Reply to post: Ashes to ashes, dust to dust - Red Hat is dead.

Official: IBM to gobble Red Hat for $34bn – yes, the enterprise Linux biz

Edwin Tumblebunny

Ashes to ashes, dust to dust - Red Hat is dead.

Red Hat will be a distant memory in a few years as it gets absorbed by the abhorrent IBM culture and its bones picked clean by the IBM beancounters. Nothing good ever happens to a company bought by IBM.

I worked as a contractor for IBM's IGS division in the late '90s and early 2000s at their third biggest customer, and even then, IBM was doing their best to demoralize their staff (and contractors) and annoy their customers as much as possible!

Some examples:

The on-site IBM employees (and contractors) had to use Lotus Notes for email. That was probably the worst piece of software I have ever used - I think baboons on drugs could have done a better design job. IBM set up a T1 (1.54 Mbps) link between the customer and the local IBM hub for email, etc. It sounds great until you realize there were over 150 people involved and due to the settings of Notes replication, it could often take over an hour to actually download email to read.

To do my job I needed to install some IBM software. My PC did not have enough disk space for this software as well as the other software I needed. Rather than buy me a bigger hard disk I had to spend 8 hours a week installing and reinstalling software to do my job.

I waited three months for a $50 stick of memory to be approved. When it finally arrived my machine had been changed out (due to a new customer project) and the memory was not compatible! Since I worked on a lot of projects I often had machines supplied by the customer on my desk. So, I would use one of these as my personal PC and would get an upgrade when the next project started!

I was told I could not be supplied with a laptop or desktop from IBM as they were too expensive (my IBM division did not want to spend money on anything). IBM charged themselves 3x the actual price to customers for their ThinkPads at the time! This meant that I never had a laptop or desktop PC from IBM in the 8 years I worked there. If it wasn't for the project work I did I would not have had a PC to work on!

IBM has many strange and weird processes that allow them to circumvent the contract they have with their preferred contractor companies.
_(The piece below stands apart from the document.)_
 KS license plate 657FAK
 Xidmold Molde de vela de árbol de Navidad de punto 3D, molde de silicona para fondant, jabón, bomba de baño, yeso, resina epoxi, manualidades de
This meant that for a number of years I ended up getting a pay cut. What was strange is that every single time I got a pay cut, IBM would then announce that they had bought a new company! I would have quit long before I did, but I was tied to them while waiting for my Green Card to be approved. I know that raises are few in the current IBM for normal employees and that IBM always pleads poverty for any employee request. Yet, they somehow manage to pay billions of dollars for a new company. Strange that, isn't it?

Eventually I was approved to get a laptop and excitedly watched it move slowly through the delivery system. I got confused when it was reported as delivered to Ohio rather than my work (not in Ohio). After some careful searching I discovered that my manager and his wife both worked for IBM from their home in, yes you can guess, Ohio. It looked like he had redirected my new laptop for his own use and most likely was going to send me his old one and claim it was a new one. I never got the chance to confront him about it, though, as IBM lost the contract with the customer that month and before the laptop should have arrived IBM was out! I moved to the company that had won the contract and regret not having the chance to tell that IBM manager what I thought about him and where he could stick the new laptop.

After that experience I decided to never work for them in any capacity ever again. I feel pity for the current Red Hat employees and my only advice to them is to get out while they can.